Now, the forecast that this pandemic is likely to last well into next year is something to seriously dwell on.
If the vaccines don't come before then – and even if they do arrive, they may not prove as a sure shot firewall against the virus – what could we do in that time?
For some inspiration, we could look at some other pandemics and how they sparked off revolutionary changes in the way the societies went about their daily lives.
In the 19th century, Great Britain had been tottering from a cholera outbreak that claimed more than 10,000 lives in its capital London alone. To rid itself of the bacteria, London then came up with an extensive sewage system.
Pandemics had ushered in parks and open spaces in New York City, including its iconic Central Park.
The Bubonic plague had set in motion the Industrial Revolution after half the workforce was wiped out. And if you consider a war, especially a Great War, as a human-induced pandemic, then the invention of penicillin was hastened by World War II.
On a contrasting scale, the Roman empire is said to have weakened and fallen to Alaric the Goth when plague wreaked havoc on its population. It even did not have the time or the intention for a clean-up act.
Or consider how Tipu Sultan of Mysore won his first battle against Lord Cornwallis of the East India Company when smallpox broke out in the company camp.
The ongoing pandemic is also pushing cities to reinvent themselves instead of sitting put and biting nails as coronavirus twists and turns its tail.
European cities are rethinking more pedestrian- and bicycle-friendly living. Closer to home, India is doing it, too. The neighbouring country has asked cities to make at least three markets pedestrian-friendly and have more bicycle lanes.

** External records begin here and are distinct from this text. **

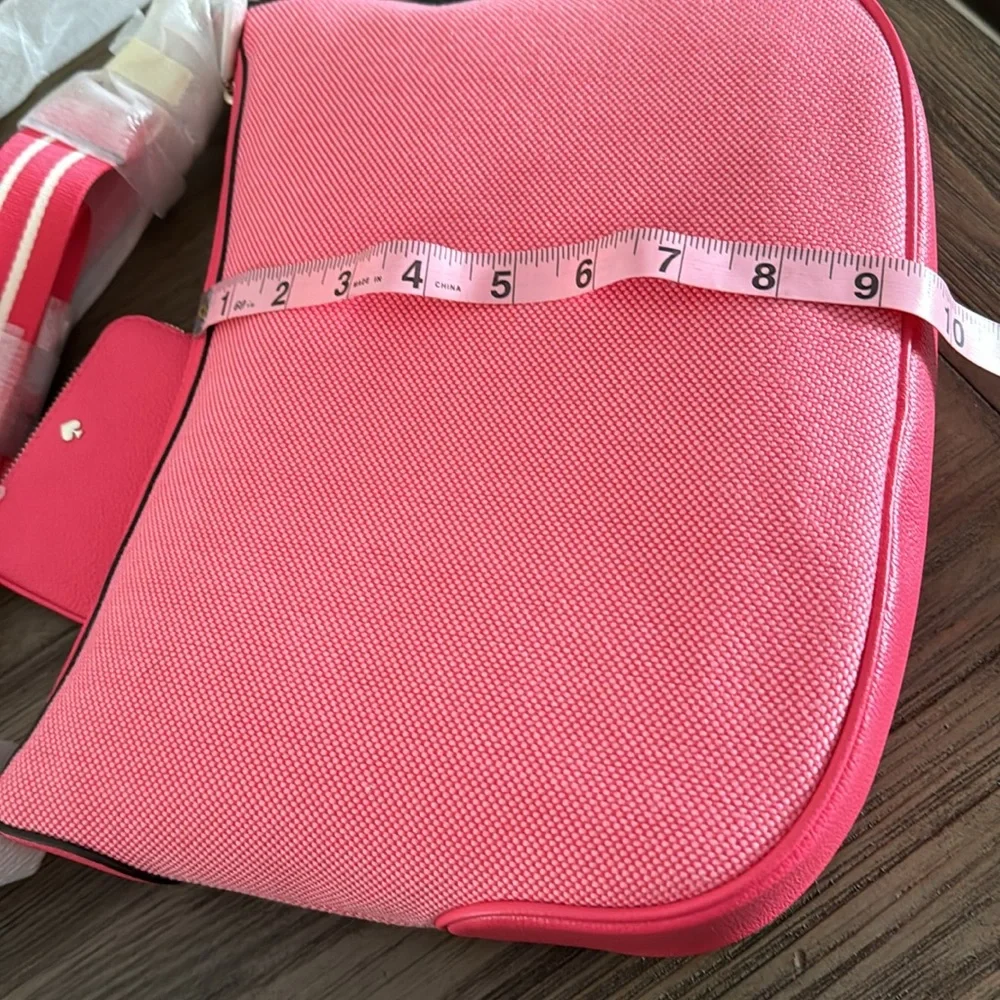Kate Spade Rosie canvas crossbody pink peppe NWT - Picture 8 of 13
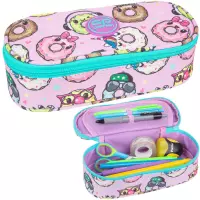 Ilustracja Coolpack Campus Piórnik Tuba Usztywniona z Organizerem Happy Donuts F062665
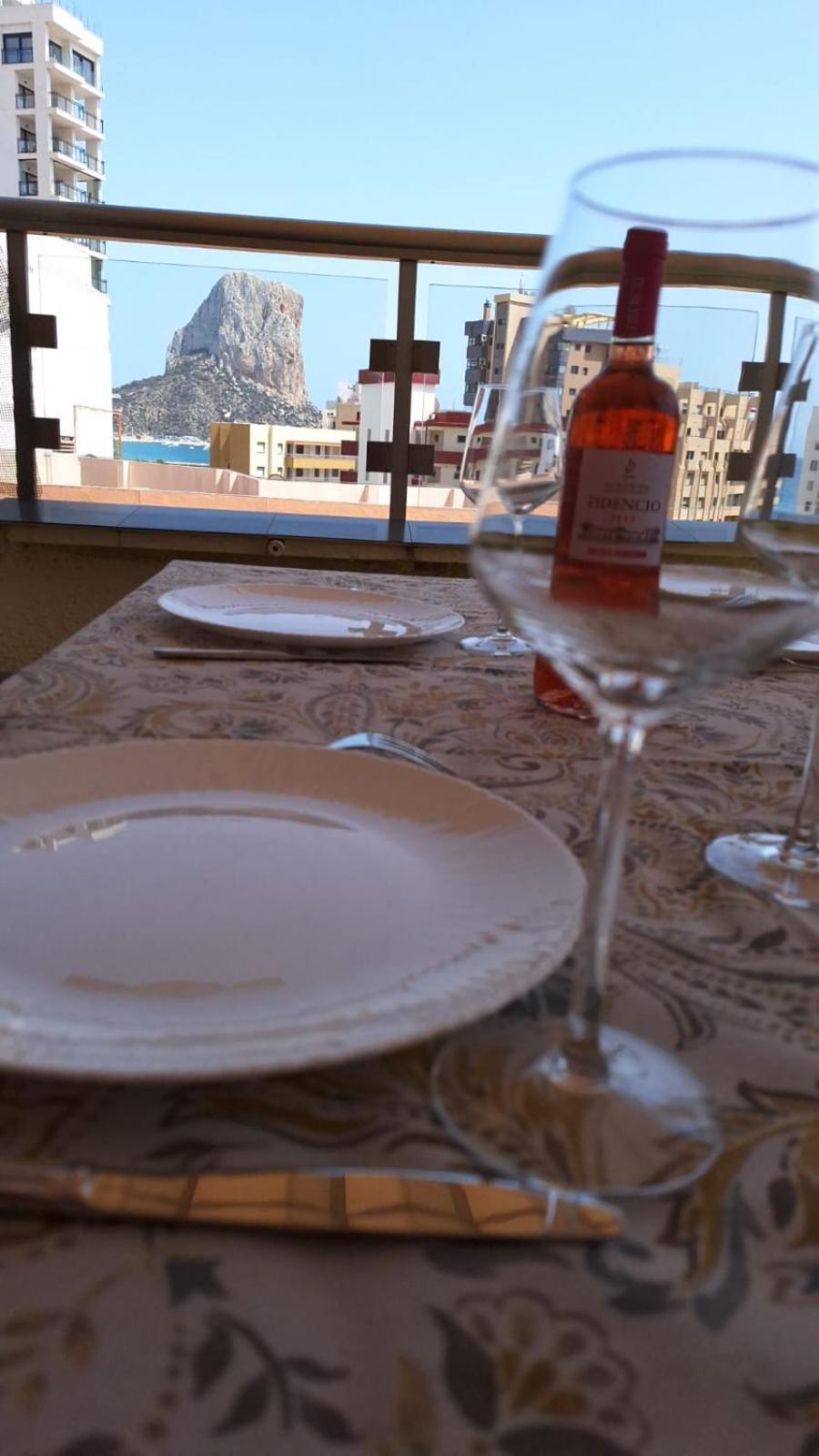 Atico Centrico, 50M De La Playa, Vista Al Mar, Wifi Fibra, Gran Terraza Leilighet Calpe Eksteriør bilde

What have we done, or rather what can we do?
For one, we can consider what experts have been saying as the pandemic will not abate any time soon. They say all we can do is to strengthen our health system, increase our health budget, make more hospitals, pay attention to the tertiary level healthcare.

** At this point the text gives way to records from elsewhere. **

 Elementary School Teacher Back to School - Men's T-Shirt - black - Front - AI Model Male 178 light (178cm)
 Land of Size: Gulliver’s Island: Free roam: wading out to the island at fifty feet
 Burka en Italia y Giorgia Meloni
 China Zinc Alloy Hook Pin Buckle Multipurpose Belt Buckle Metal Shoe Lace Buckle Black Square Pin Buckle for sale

Our proposed budget has not been very inspiring in that direction. There have not been specific crash programmes announced to deal with the emergency when thousands of infected persons are flowing to the hospitals and finding no place for treatment.
We also don't know how the budget allocation is going to rebuild the rundown health system without any deep reforms. We expected an energised action plan but we got none.
Equally important to this, how the regular non-Covid patients are going to get care in this scary situation?
We also don't know how our city-commuting is going to ensure safe journeys when and if the daily tide and ebb of the workforce return. Will the social distancing rules work on pubic transports? Or do we need immediate preparation for that future?
As F Scott Fitzgerald wrote in the last line of his seminal novel The Great Gatsby, we have to beat on, boats against the current, borne back ceaselessly into the past.
The past gives us plenty of materials to contemplate.